Numerical stability analysis of shock-capturing methods for strong shocks II: high-order finite-volume schemes

The shock instability problem commonly arises in flow simulations involving strong shocks, particularly when employing high-order schemes, limiting their applications in hypersonic flow simulations. This study focuses on exploring the numerical characteristics and underlying mechanisms of shock instabilities in fifth-order finite-volume WENO schemes. To this end, for the first time, we have established the matrix stability analysis method for the fifth-order scheme. By predicting the evolution of perturbation errors in the exponential growth stage, this method provides quantitative insights into the behavior of shock-capturing and helps elucidate the mechanisms that cause shock instabilities. Results reveal that even dissipative solvers also suffer from shock instabilities when the spatial accuracy is increased to fifth-order. Further investigation indicates that this is due to the excessively high spatial accuracy of the WENO scheme near the numerical shock structure. Moreover, the shock instability problem of fifth-order schemes is demonstrated to be a multidimensional coupling problem.
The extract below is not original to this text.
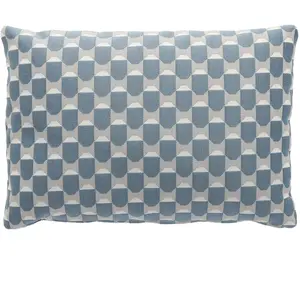 Kartell - Coussin d'extérieur Liberty - Bleu - Tissu outdoor pas cher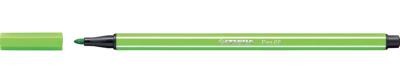 STABILO Pen 68 viltstift, lichtgroen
To stably capture strong shocks, it is crucial to have sufficient dissipation on transverse faces and ensure at least two points within the numerical shock structure in the direction perpendicular to the shock. The source location of instability is also clarified by the matrix stability analysis method, revealing that the instability arises from the numerical shock structure. Additionally, stability analysis demonstrates that local characteristic decomposition helps mitigate shock instabilities in high-order schemes, although the instability still persists. These conclusions pave the way for a better understanding of the shock instability in fifth-order schemes and provide guidance for the development of more reliable high-order shock-capturing methods for compressible flows with high Mach numbers.